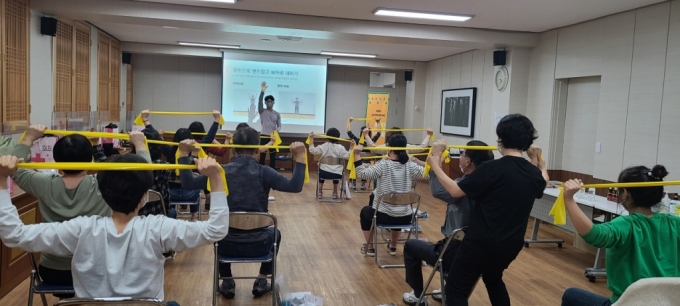 부산시교육청이 근골격계질환 예방을 위해 '근로자 뼈마디 튼튼 건강프로그램'을 운영하고 있다./사진제공=부산시교육청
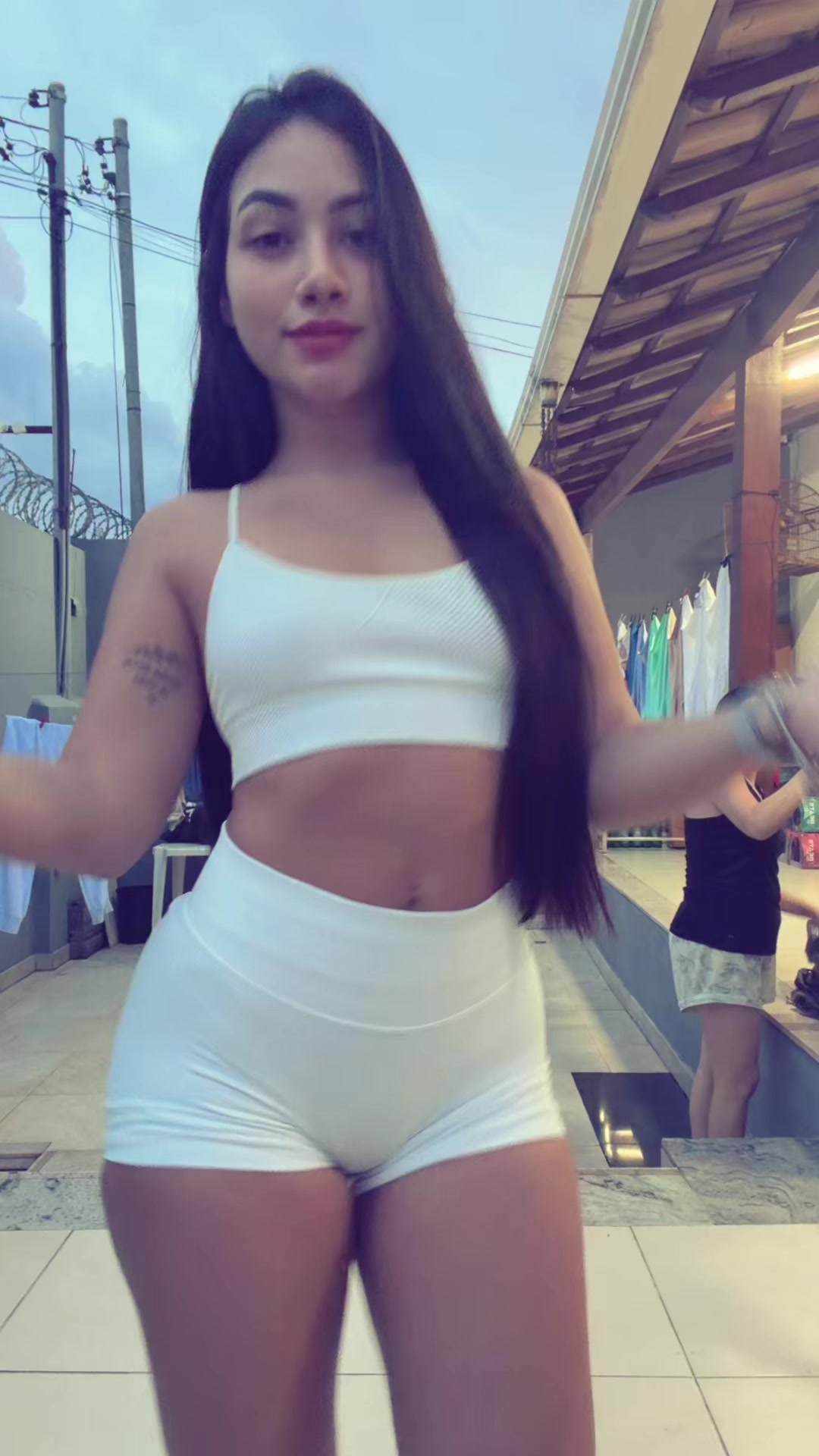 @leticiarianna_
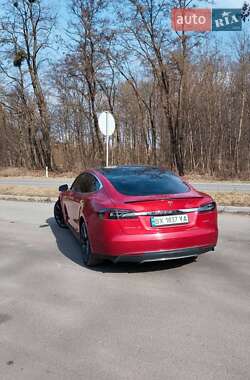 Ліфтбек Tesla Model S 2014 в Хмельницькому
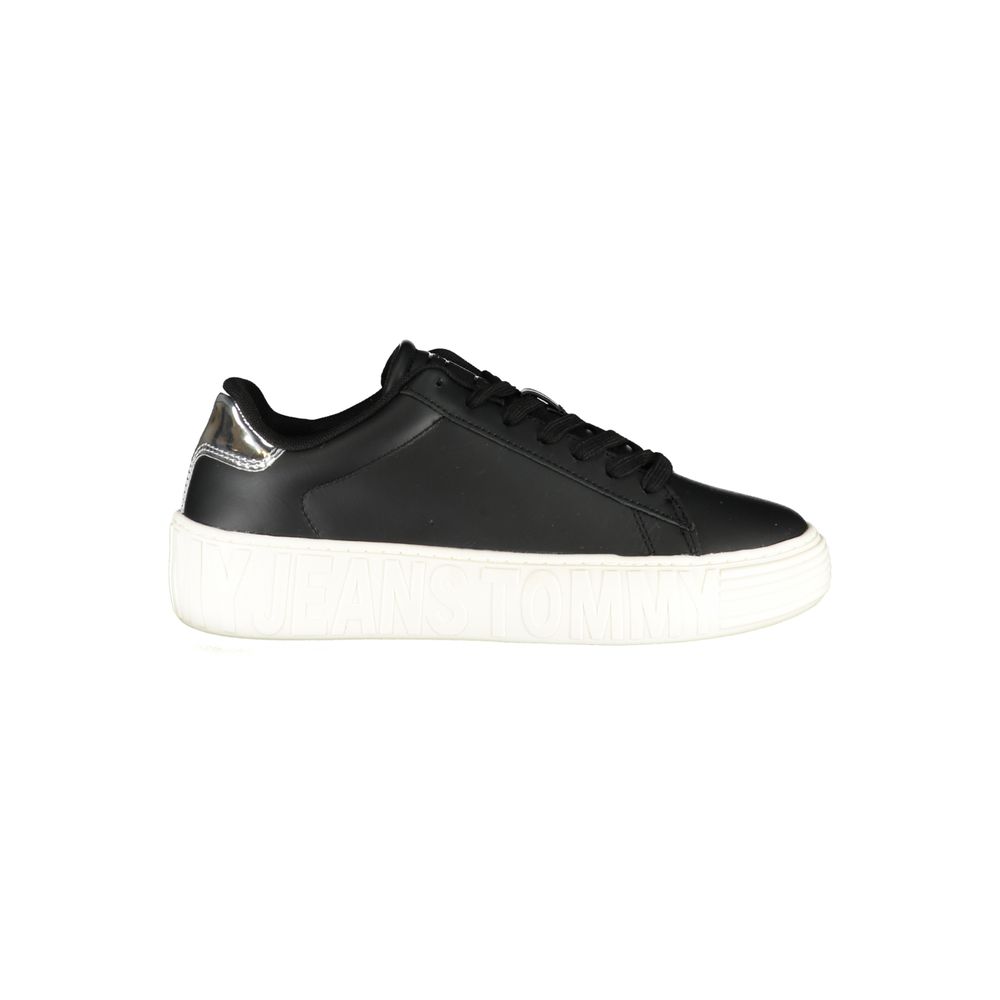 Sneakers pour femmes en cuir noir de la marque Tommy Hilfiger, finition élégante et design sportif.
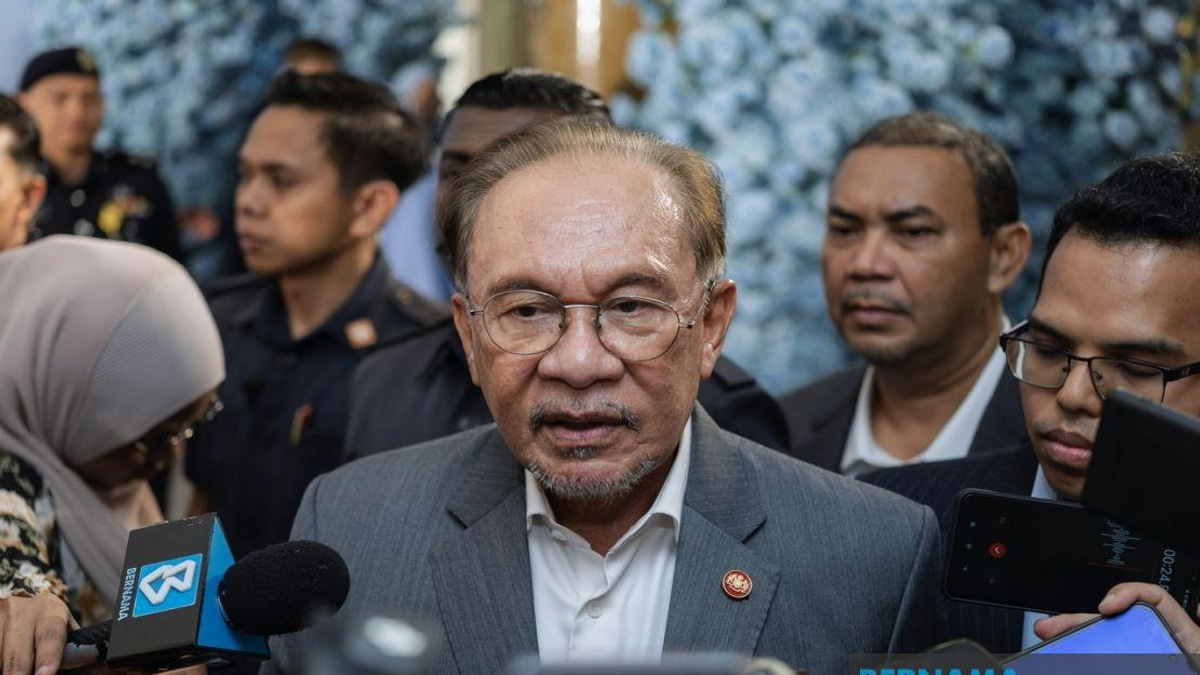 Anwar Awaits Briefing on Melaka DAP Assemblymen's Exit From State Government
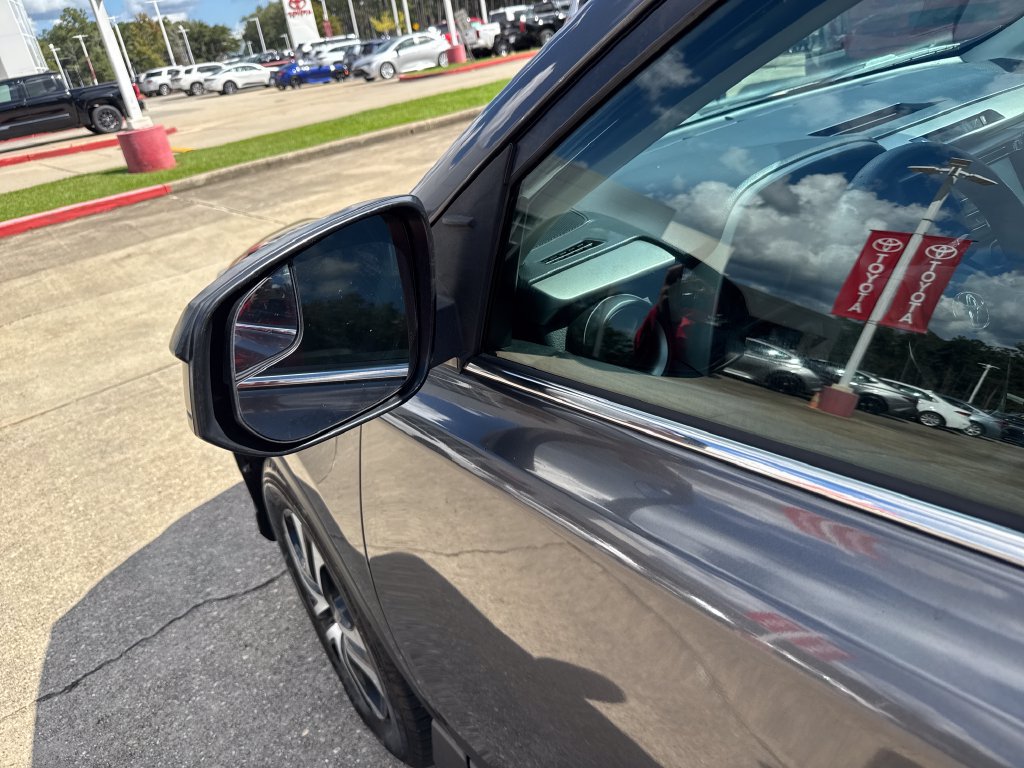 Used 2016 Toyota RAV4 LE FWD image 14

---

(Work to be completed):
Please restate the material above line by line, exactly, beginning at its first line and ending with the line that contains "Sneakers pour femmes", without any pictures.

(Written response):
 부산시교육청이 근골격계질환 예방을 위해 '근로자 뼈마디 튼튼 건강프로그램'을 운영하고 있다./사진제공=부산시교육청
 @leticiarianna_
 Ліфтбек Tesla Model S 2014 в Хмельницькому
 Sneakers pour femmes en cuir noir de la marque Tommy Hilfiger, finition élégante et design sportif.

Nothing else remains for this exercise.